**YOUR INSTRUCTIONS**: Please reproduce all the records exactly while leaving out their pictures.

**GIVEN RECORDS**:

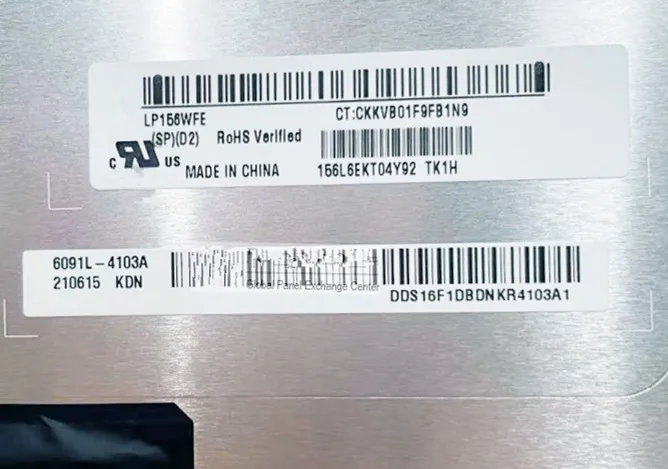 LP156WFE-SPD2 LP156WFE SPD2 15.6'' IPS Laptop LCD Screen 1920*1080 EDP 30 Pins
LP156WFE-SPD2 LP156WFE SPD2 15.6'' IPS Laptop LCD Screen 1920*1080 EDP 30 Pins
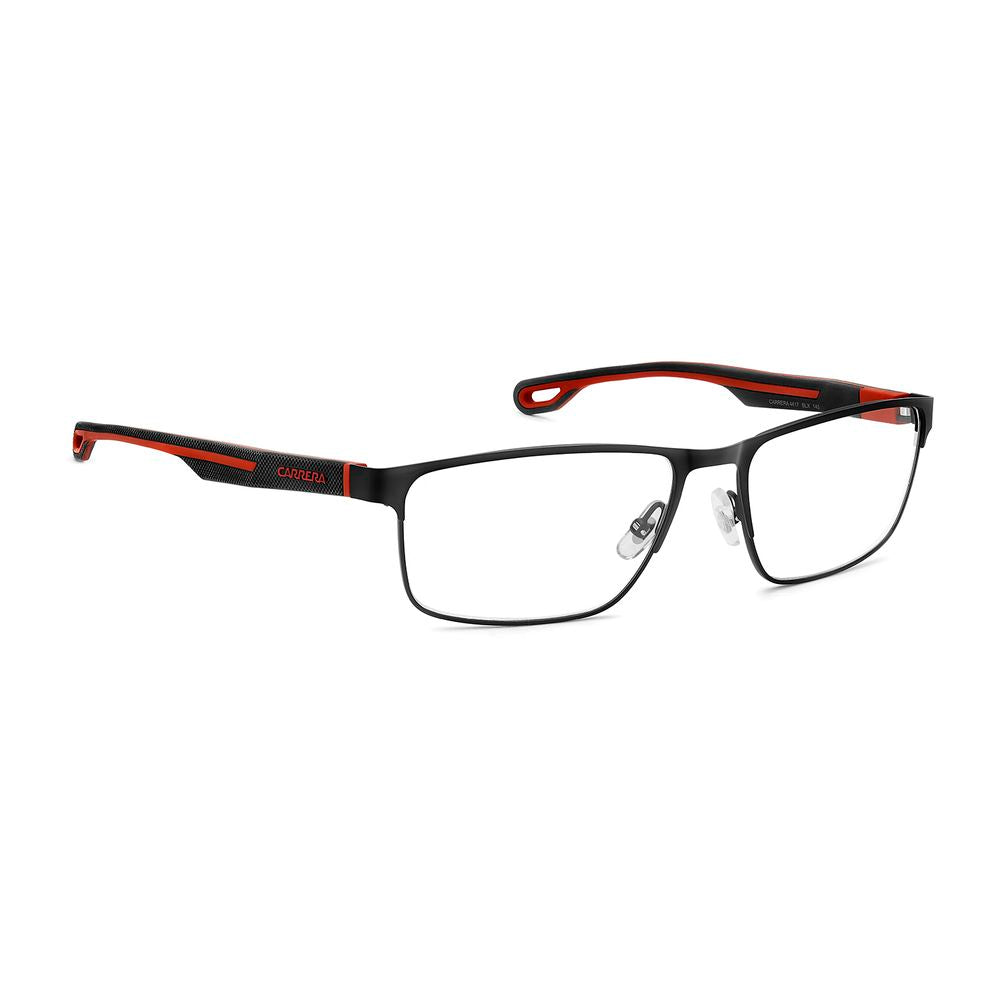 Carrera Men’s Black Metal Glasses – Rectangle Full-Rim Frame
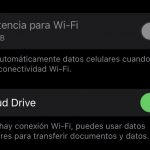 Captura de pantalla iPhone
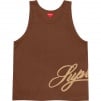 Thumbnail for Mesh Script Tank Top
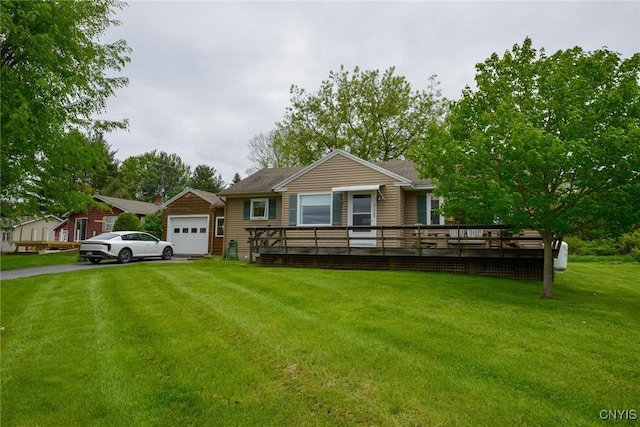 47388 Dingman Point Rd, Alexandria, NY 13607 - view of front of house with a front lawn, driveway, and a deck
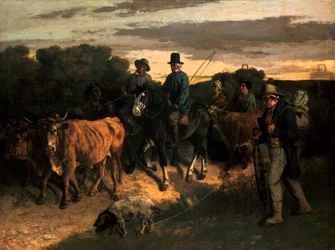 Farmáři z Flagey Rolníci z Flagey, 1855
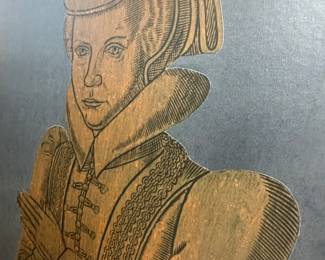 Stylized English Portrait, 57.25" x 25"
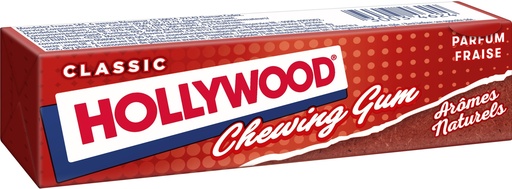 [HOLL003] Hollywood Fraise Chewing-gum 31 Gr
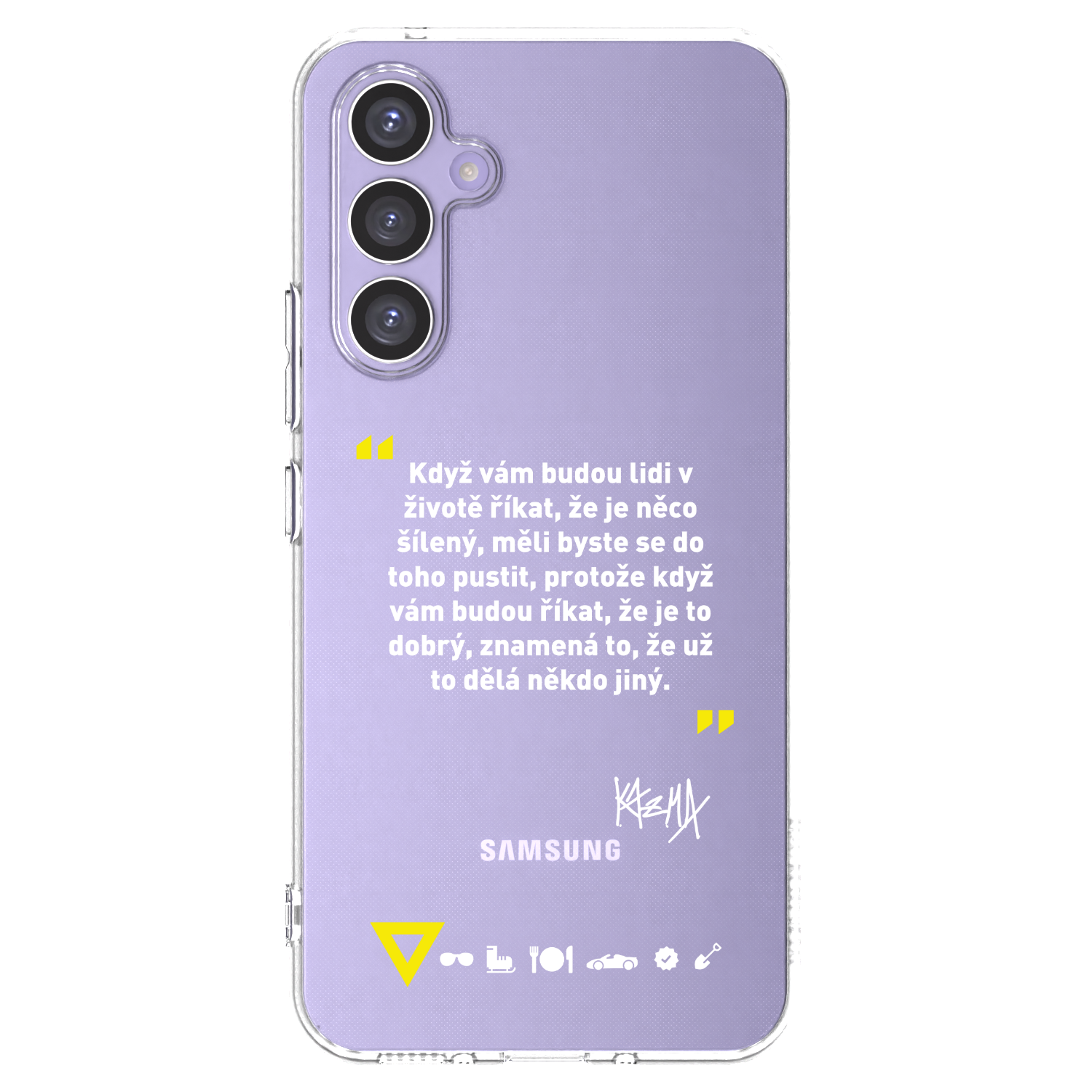 Picasee silikónový prehľadný obal pre Samsung Galaxy A54 5G A546B - Kazma - MĚLI BYSTE SE DO TOHO PUSTIT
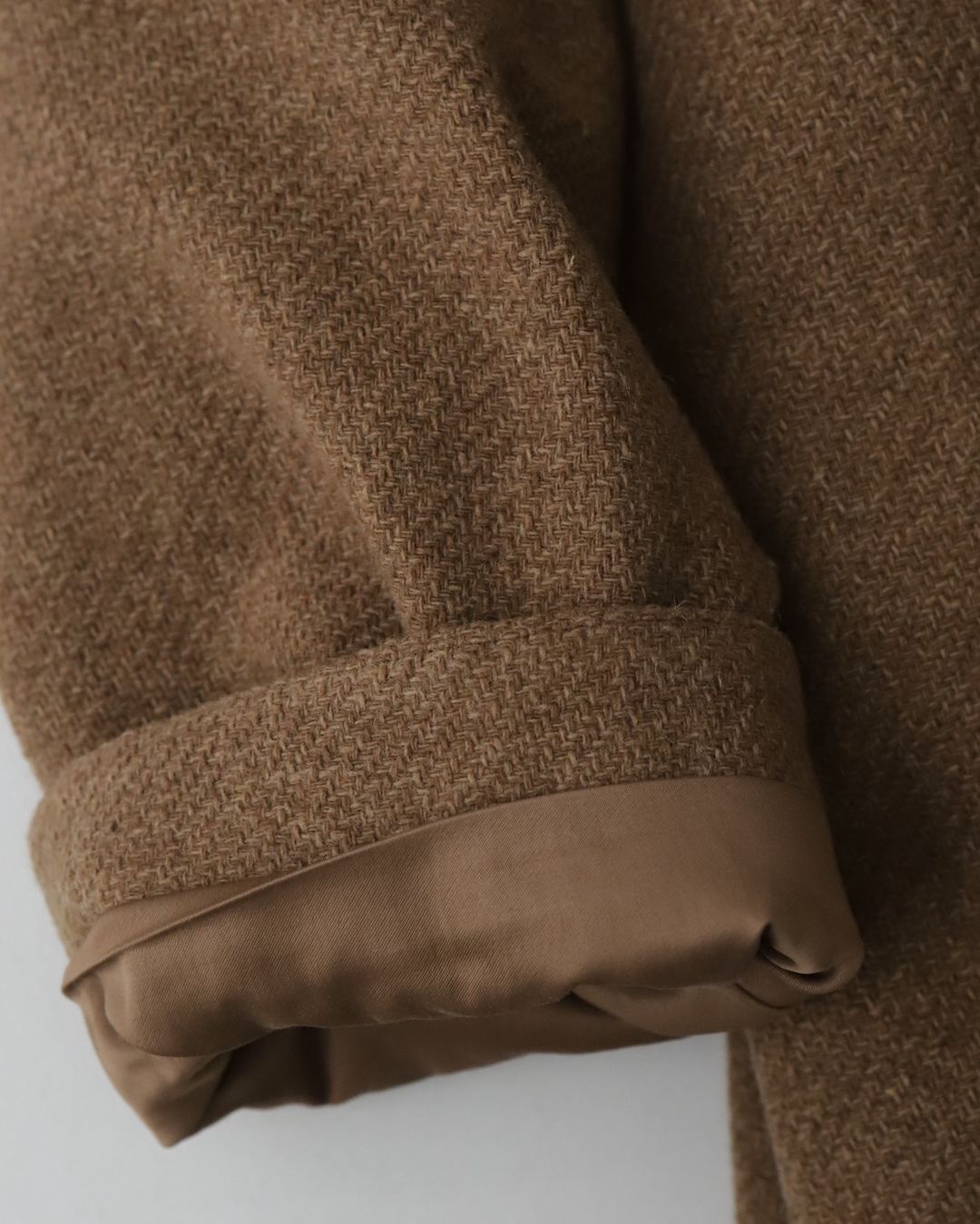 SOUTIEN COLLAR COAT SHORT TWEED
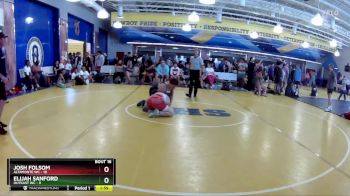 157 lbs Round 4 (8 Team) - Josh Folsom, Altamonte WC vs Elijah Sanford, OutKast WC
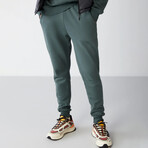 Sweatpants 3 Pockets with Front Drawstring // Sage Green (XS)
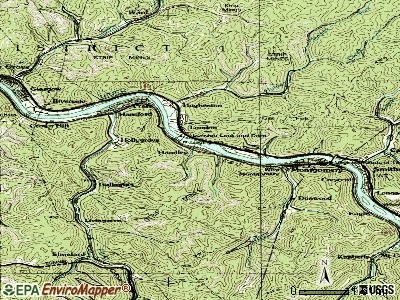 Handley topographic map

**ANSWER AREA**:
 LP156WFE-SPD2 LP156WFE SPD2 15.6'' IPS Laptop LCD Screen 1920*1080 EDP 30 Pins
LP156WFE-SPD2 LP156WFE SPD2 15.6'' IPS Laptop LCD Screen 1920*1080 EDP 30 Pins
 Carrera Men’s Black Metal Glasses – Rectangle Full-Rim Frame
 Captura de pantalla iPhone
 Thumbnail for Mesh Script Tank Top
 47388 Dingman Point Rd, Alexandria, NY 13607 - view of front of house with a front lawn, driveway, and a deck
 Farmáři z Flagey Rolníci z Flagey, 1855
 Stylized English Portrait, 57.25" x 25"
 [HOLL003] Hollywood Fraise Chewing-gum 31 Gr
 Picasee silikónový prehľadný obal pre Samsung Galaxy A54 5G A546B - Kazma - MĚLI BYSTE SE DO TOHO PUSTIT
 SOUTIEN COLLAR COAT SHORT TWEED
 157 lbs Round 4 (8 Team) - Josh Folsom, Altamonte WC vs Elijah Sanford, OutKast WC
 Sweatpants 3 Pockets with Front Drawstring // Sage Green (XS)
 Handley topographic map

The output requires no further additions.